* **WHAT IS BEING ASKED**
Write the data out again exactly, dropping any images it holds.
[[ COLLECTED MATERIAL open ]]
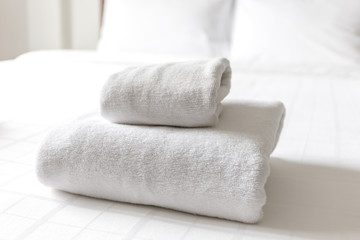 Stack of white cleaning folded tower on the white bed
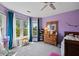 Bright bedroom features large windows, purple walls, a ceiling fan, and a wooden dresser at 4016 Upland Trce, Marietta, GA 30066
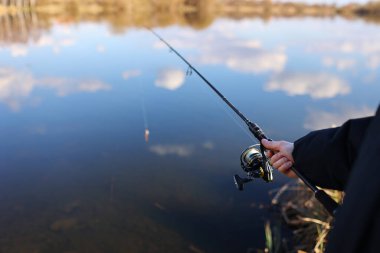 Adam balık yakalar, gölde veya gölde balık tutarken olta çeker. Çubuklu balıkçı, nehir kıyısında dönen makara. Deniz kıyısında, gölde ya da gölette balık avlıyorum. Vahşi doğa, kırsal kaçamak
[[ COLLECTED MATERIAL closed ]]
* **REPLY TO THE TASK**
 Stack of white cleaning folded tower on the white bed
 Bright bedroom features large windows, purple walls, a ceiling fan, and a wooden dresser at 4016 Upland Trce, Marietta, GA 30066
 Adam balık yakalar, gölde veya gölde balık tutarken olta çeker. Çubuklu balıkçı, nehir kıyısında dönen makara. Deniz kıyısında, gölde ya da gölette balık avlıyorum. Vahşi doğa, kırsal kaçamak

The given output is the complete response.